A lack of organization can harm your finances as much as being short on cash. Losing bills will lead to late fees, and not keeping track of your checking account balance can lead to overdraft fees. The following steps will help you stay on top of your financial life and save you money in the long run.

Review Your Budget Monthly

Even regular bills can change from month to month. Revise your budget as the bills come in and adjust other expenses to make up for it so that you don't accidentally overdraw your bank account.

Key Takeaways

  • Even routine expenses like utility bills go up or down from month to month. Keep track of them and adjust your discretionary spending accordingly.
  • Keep a checklist of monthly bills to avoid unpleasant surprises.
  • Coordinate day-to-day spending with significant others.

Some months bring higher electrical bills than others. Your electricity bill could be $100 more in June than it was in May. Your budget needs to reflect that higher expense. Review it to see what other expenses you can adjust so you can pay your electric bill.

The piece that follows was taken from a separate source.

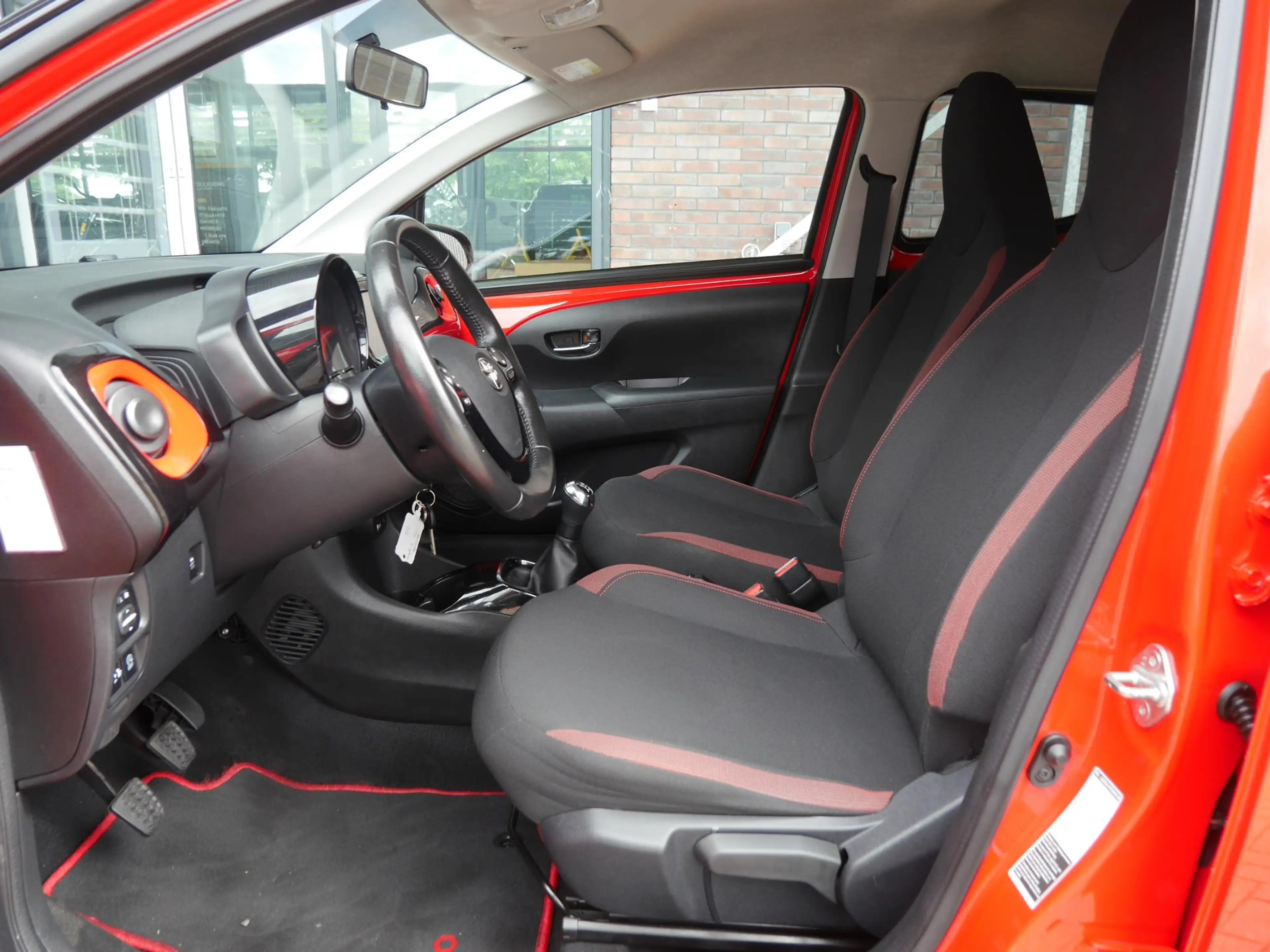 Toyota Aygo 1.0 VVT-i x-cite | Achteruitrijcamera | Airco | 5 — photo 7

And remember, July is going to be hotter than June, so your revised budget will be more realistic going forward.

Adjust as Needed

To save $100, you might exchange two dinners out for a bike ride with a packed lunch. Or, dial down a budgeted night out and go to a free concert in the park instead of a pricey restaurant.

Basic budgeting apps can be found online for free.

The best part about having to cut down on one expense to pay for another is that it will force you to break tradition and try something new.

What if you don't have a budget? Create one today. Start by writing down your expenses the way you expect them to unfold. At the end of the month, tweak the budget by recording your real expenses.

That process alone could surprise you and suggest ways you can use your money smarter.

Use a Financial App

Financial software isn't just for investing. Free basic budgeting apps are available online that can help you keep track of daily and household expenses.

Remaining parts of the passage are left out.